US vote on Israel settlements may encourage PLO

The United States and the Palestine Liberation Organization (PLO) have joined in tacit, perhaps unwitting, entente at the United Nations, sparking hopes among some Arab diplomats of revived efforts to bring the PLO into the Middle East negotiating process.

Other diplomats, Arab and Western, are not so sure. They suspect Washington's surprise support March 1 for a UN Security Council condemnation of Israeli settlement policy may simply be part of a US bid to pressure Israel.

Israeli officials, to the consternation of their American and Egyptian negotiating partners, have been de-emphasizing the importance of a May "target date" for agreement on a formula for Palestinian autonomy.

Such pressure tactics have tended to backfire in the past -- triggering something of a wagons-in-a-circle phenomenon inside Israel, which adhors PLO violence and generally fears mounting PLO influence in the international arena.

Whether, or how widely, that trend has extended to the United States could become clearer this month.

US and Arab efforts to produce a compromise UN Middle East resolution facilitating formal ties between Washington and the PLO collapsed last summer, with the resignation of US Ambassador to the UN Andrew Young following unauthorized contacts with a PLO official. UN officials said debate on such a resolution is expected to resume sometime in March.

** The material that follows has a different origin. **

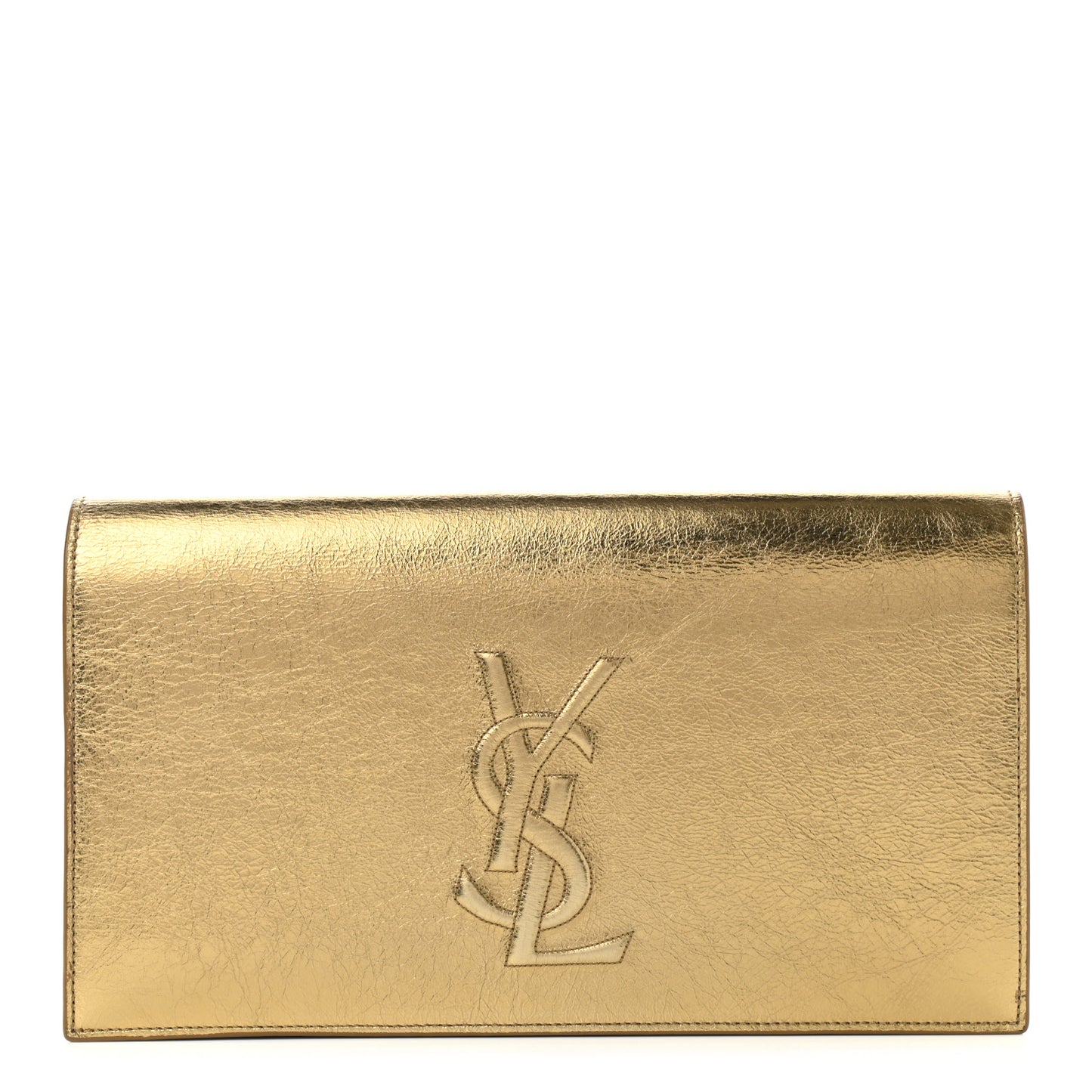 Metallic Calfskin Monogram Large Belle De Jour Clutch Gold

Not surprisingly, reports from Israel March 2 spoke of deep official concern over the latest hint of possible conciliation between the US and the PLO.

The "hint," Arab diplomats maintain, came in Washington's endorsement of the Security Council resolution on Israeli settlement. US opposition to settlements was nothing new. But in the past, Washington had abstained on such UN resolutions.

Facilitating the US "yea" vote, diplomats said, was something of an unofficial entente between the Americans and the PLO. Washington, for its part, voted for the resolution. The PLO, in turn, joined an Arab consensus to halt efforts to toughen the wording of the resolution -- a move that virtually would have obligated the US to cast its familiar abstention vote.

One Gulf diplomat said that during informal Arab consultations on the resolution, "The PLO was actually more moderate than some other Arab parties, such as Jordan."

American support of the UN condemnation of Israeli settlement came as Europe, particularly Britain, was weighing a possible "supplement" to the famed UN Resolution 242 of 1967 as a means of involving the PLO in the negotiating process.

British diplomats, in a reading seconded by many US officials, feel that a solution of the Palestinian issue has become imperative amid Western efforts to align Middle Eastern states against widening Soviet influence. Relations between Washington and even moderate Arab states have long been clouded by a perceived US slant in favor of Israel in the Middle East conflict.

The main lines of an eventual understanding between the Americans and the PLO have been clear for at least several years: a swap of US support for Palestinian political demands, for at least tacit PLO recognition as Israel's right to a secure existence.

The main obstacles on both sides, many diplomats argue, may be as much political as substantive.

PLO leader Yasser Arafat, a politician with a guerrilla's automatic caution, wants to assure that any compromise will lead to official recognition of his organization by Washington and to a direct PLO negotiating role.

The Americans, meanwhile, ask themselves whether direct contact with the mainstream Palestinian organization would be worth the virtually certain downturn in US- Israeli relations. Israeli backlash could all but doom US hopes for an early "overall" Middle East settlement.

"He [President Carter] is clearly upset over escalating Israeli settlement in the [occupied] West Bank," commented one diplomat. "He would also like to strengthen US relations with the Arab world . . . implying at least some sign of openness toward the Arab view of the Palestinian conflict."

Yet more than a few diplomats doubt President Carter will energetically activate efforts toward conciliation with the PLO -- at least until, or unless, he is safely re-elected.